Now, all of a sudden, not only do you have to distribute the computation, you have to shard the pipeline somehow, you also have to solve the networking problem because you've got all of these computers are all connected together.
Distributed computing at the scale that we do, the CPU is a problem, the GPU is a problem, the networking is a problem, the switching is a problem.
and distributing the workload across all these computers are a problem.
It's just a massively complex computer science problem.
And so we just got to bring every technology to bear.
Otherwise,
We scale up linearly, or we scale up based on the capabilities of Moore's Law, which has largely slowed because Dennard's scaling has slowed.
There's the first question, which is, what is extreme co-design?

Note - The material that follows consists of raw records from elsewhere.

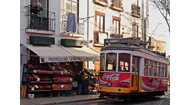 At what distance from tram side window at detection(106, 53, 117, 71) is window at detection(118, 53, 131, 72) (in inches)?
9.9

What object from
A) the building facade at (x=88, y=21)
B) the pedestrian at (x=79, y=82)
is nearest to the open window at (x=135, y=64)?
the building facade at (x=88, y=21)

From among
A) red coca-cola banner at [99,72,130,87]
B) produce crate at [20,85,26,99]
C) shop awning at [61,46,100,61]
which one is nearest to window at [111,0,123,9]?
shop awning at [61,46,100,61]

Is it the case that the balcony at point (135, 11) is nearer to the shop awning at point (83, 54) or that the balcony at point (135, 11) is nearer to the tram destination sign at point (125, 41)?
the shop awning at point (83, 54)

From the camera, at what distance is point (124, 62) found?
46.1 feet

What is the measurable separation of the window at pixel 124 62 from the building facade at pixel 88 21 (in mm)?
2962

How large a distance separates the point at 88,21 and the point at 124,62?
7508mm

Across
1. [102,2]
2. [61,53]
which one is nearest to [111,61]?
[61,53]

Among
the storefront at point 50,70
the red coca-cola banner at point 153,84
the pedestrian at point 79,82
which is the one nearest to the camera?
the red coca-cola banner at point 153,84

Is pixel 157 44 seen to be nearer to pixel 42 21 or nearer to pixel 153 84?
pixel 153 84

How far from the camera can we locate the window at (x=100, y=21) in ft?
71.5

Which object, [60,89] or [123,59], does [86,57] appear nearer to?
[60,89]

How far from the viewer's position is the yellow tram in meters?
13.6

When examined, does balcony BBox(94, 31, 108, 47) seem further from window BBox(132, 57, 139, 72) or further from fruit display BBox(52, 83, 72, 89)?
window BBox(132, 57, 139, 72)

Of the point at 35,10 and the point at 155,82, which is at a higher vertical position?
the point at 35,10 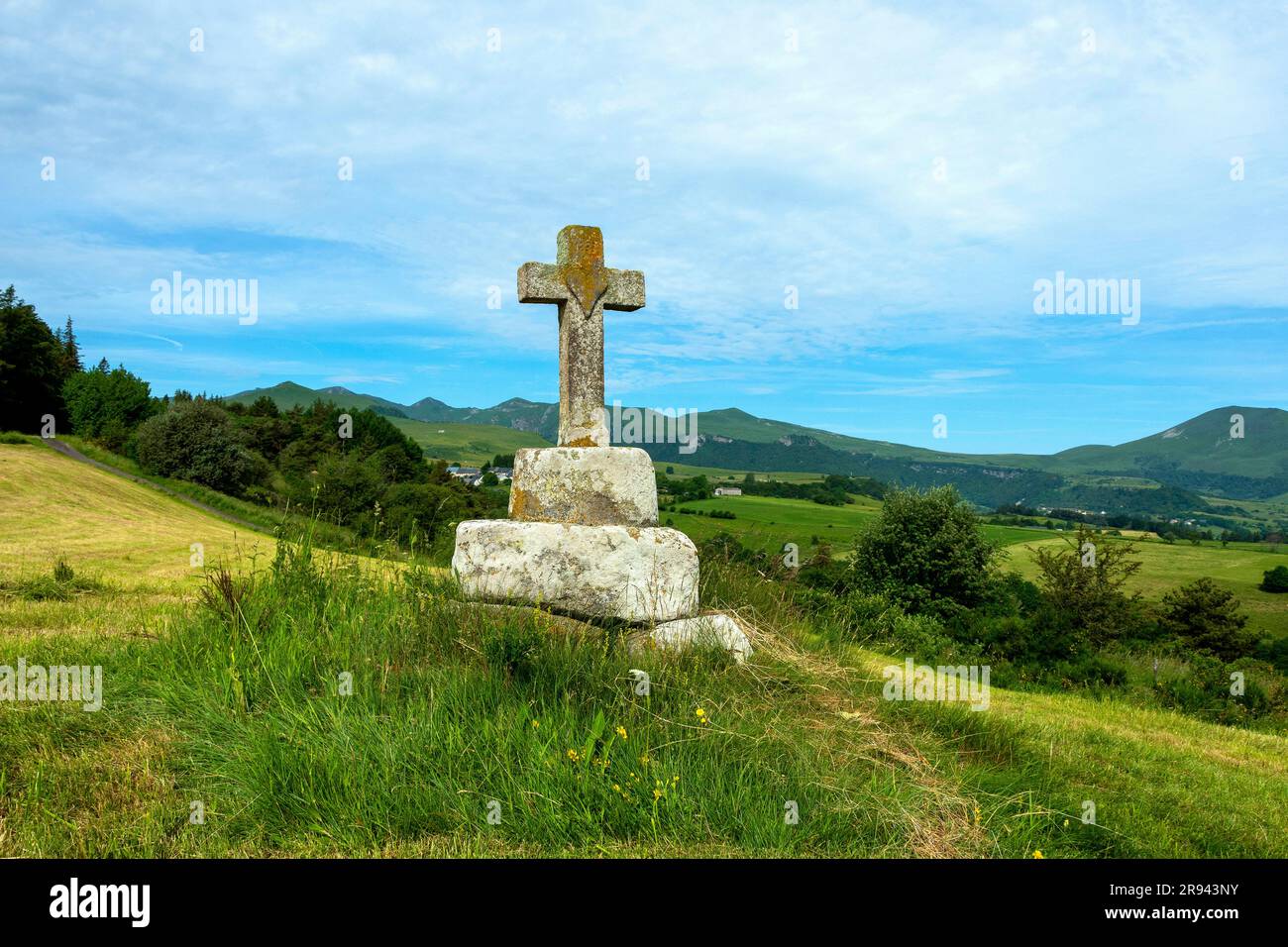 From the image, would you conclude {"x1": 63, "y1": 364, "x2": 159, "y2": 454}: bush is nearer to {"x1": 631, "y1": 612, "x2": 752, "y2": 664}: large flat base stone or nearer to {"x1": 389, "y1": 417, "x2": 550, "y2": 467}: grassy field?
{"x1": 389, "y1": 417, "x2": 550, "y2": 467}: grassy field

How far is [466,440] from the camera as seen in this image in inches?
5782

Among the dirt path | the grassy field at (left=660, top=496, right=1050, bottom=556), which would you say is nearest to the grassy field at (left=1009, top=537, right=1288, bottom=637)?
the grassy field at (left=660, top=496, right=1050, bottom=556)

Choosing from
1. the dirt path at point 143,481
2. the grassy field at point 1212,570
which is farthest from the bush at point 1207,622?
the dirt path at point 143,481

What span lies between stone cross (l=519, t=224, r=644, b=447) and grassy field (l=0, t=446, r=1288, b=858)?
1890 millimetres

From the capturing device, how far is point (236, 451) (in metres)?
46.1

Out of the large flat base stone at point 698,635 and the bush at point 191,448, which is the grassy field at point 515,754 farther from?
the bush at point 191,448

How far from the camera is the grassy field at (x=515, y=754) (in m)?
3.71

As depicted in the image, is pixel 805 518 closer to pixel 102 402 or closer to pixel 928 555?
pixel 928 555

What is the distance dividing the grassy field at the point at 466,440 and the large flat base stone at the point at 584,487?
356 feet

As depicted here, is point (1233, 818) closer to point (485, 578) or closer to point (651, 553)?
point (651, 553)

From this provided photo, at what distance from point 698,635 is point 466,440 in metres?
146

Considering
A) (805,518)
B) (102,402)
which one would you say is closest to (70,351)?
(102,402)

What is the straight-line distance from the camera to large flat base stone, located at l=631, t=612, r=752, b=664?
561cm

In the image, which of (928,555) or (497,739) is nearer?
(497,739) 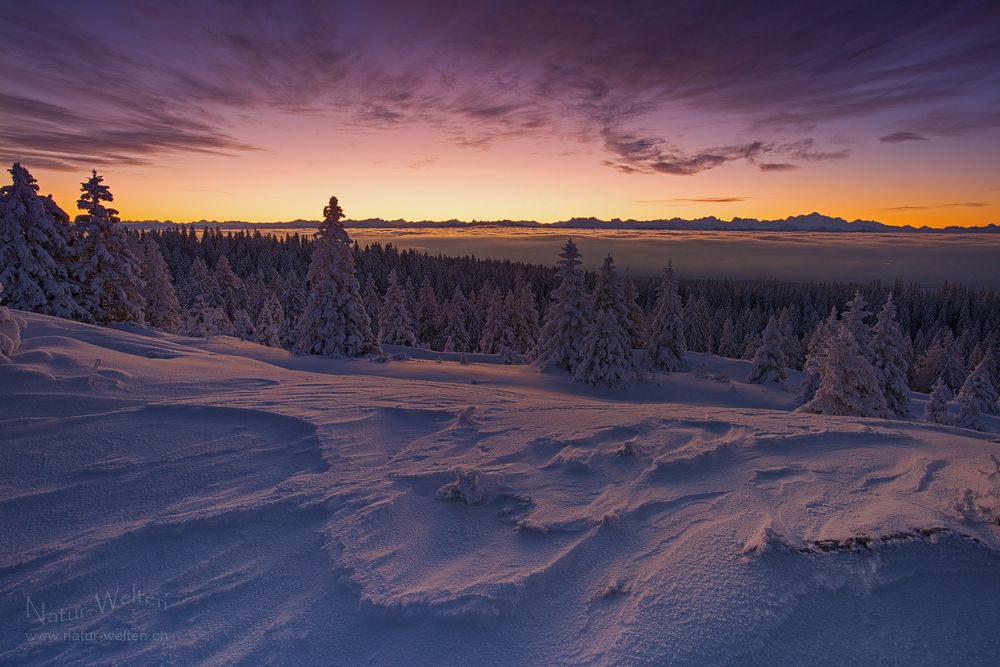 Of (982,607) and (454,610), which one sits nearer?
(982,607)

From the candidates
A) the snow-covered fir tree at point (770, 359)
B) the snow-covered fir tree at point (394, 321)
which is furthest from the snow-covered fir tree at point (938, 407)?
the snow-covered fir tree at point (394, 321)

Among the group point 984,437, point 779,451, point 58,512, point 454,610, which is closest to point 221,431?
point 58,512

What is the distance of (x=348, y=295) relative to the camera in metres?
27.5

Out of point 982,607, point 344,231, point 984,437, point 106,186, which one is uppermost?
point 106,186

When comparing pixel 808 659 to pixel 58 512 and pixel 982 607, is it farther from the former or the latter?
pixel 58 512

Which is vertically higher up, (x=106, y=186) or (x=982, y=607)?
(x=106, y=186)

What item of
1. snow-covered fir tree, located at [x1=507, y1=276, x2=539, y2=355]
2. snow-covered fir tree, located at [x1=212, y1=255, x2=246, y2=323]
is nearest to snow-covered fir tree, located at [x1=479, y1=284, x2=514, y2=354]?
snow-covered fir tree, located at [x1=507, y1=276, x2=539, y2=355]

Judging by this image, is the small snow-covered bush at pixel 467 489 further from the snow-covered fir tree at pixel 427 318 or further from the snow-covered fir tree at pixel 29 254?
the snow-covered fir tree at pixel 427 318

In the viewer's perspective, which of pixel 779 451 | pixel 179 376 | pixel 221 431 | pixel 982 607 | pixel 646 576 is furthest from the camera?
pixel 179 376

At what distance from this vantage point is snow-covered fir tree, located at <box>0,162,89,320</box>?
78.7 ft

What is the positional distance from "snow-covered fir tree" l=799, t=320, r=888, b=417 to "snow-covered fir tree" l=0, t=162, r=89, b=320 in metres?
38.4

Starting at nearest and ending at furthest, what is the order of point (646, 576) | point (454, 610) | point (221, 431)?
1. point (454, 610)
2. point (646, 576)
3. point (221, 431)

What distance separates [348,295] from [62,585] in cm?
2476

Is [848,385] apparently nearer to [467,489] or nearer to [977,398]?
[977,398]
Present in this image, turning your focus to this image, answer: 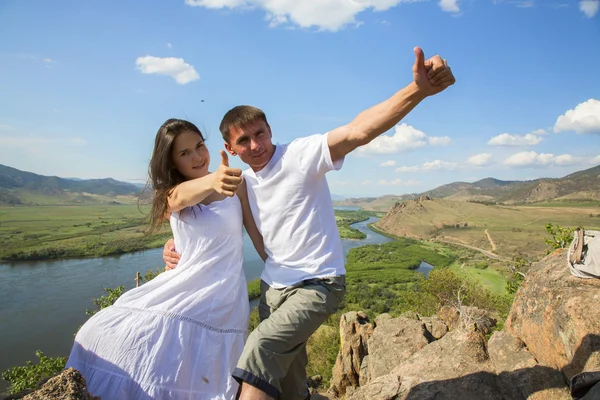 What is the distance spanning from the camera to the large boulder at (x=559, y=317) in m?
4.35

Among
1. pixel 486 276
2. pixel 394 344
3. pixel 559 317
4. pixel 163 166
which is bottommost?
pixel 486 276

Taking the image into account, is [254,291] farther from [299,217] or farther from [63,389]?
[63,389]

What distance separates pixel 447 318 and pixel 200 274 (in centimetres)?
1489

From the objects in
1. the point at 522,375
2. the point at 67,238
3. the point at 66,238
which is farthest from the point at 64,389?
the point at 66,238

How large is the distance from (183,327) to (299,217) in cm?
117

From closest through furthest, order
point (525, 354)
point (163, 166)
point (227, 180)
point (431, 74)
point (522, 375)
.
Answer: point (431, 74) → point (227, 180) → point (163, 166) → point (522, 375) → point (525, 354)

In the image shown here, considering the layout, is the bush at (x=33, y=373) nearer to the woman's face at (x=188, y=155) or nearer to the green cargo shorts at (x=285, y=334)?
the woman's face at (x=188, y=155)

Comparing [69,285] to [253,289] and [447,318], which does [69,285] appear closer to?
[253,289]

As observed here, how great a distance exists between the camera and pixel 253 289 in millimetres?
47406

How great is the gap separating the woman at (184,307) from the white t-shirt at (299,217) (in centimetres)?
37

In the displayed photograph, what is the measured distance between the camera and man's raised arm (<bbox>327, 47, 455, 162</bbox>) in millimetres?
2246

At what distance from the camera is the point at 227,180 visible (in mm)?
2488

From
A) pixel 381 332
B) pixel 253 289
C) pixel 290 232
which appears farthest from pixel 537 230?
pixel 290 232

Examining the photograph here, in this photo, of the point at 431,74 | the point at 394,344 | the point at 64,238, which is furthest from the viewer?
the point at 64,238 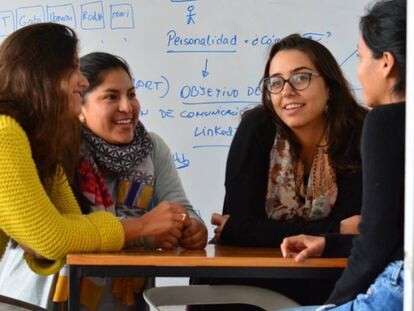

You were optimizing across the entire stack of software, from architectures to chips to systems to system software to the algorithms to the applications.
That's one layer.
The second thing that you and I just talked about goes beyond that.
cpus and gpus and networking chips and scale up switches and scale out switches and then of course you got to include power and cooling and all of that because you know all these computers are extremely extremely power power hungry they do a lot of work and they're very energy efficient but they in aggregate still consume a lot of power and so that's one the first question is what is it
The second question is, why is it?
And we just spoke about the reason you want to distribute the workload so that you can exceed the benefit of just increasing the number of computers.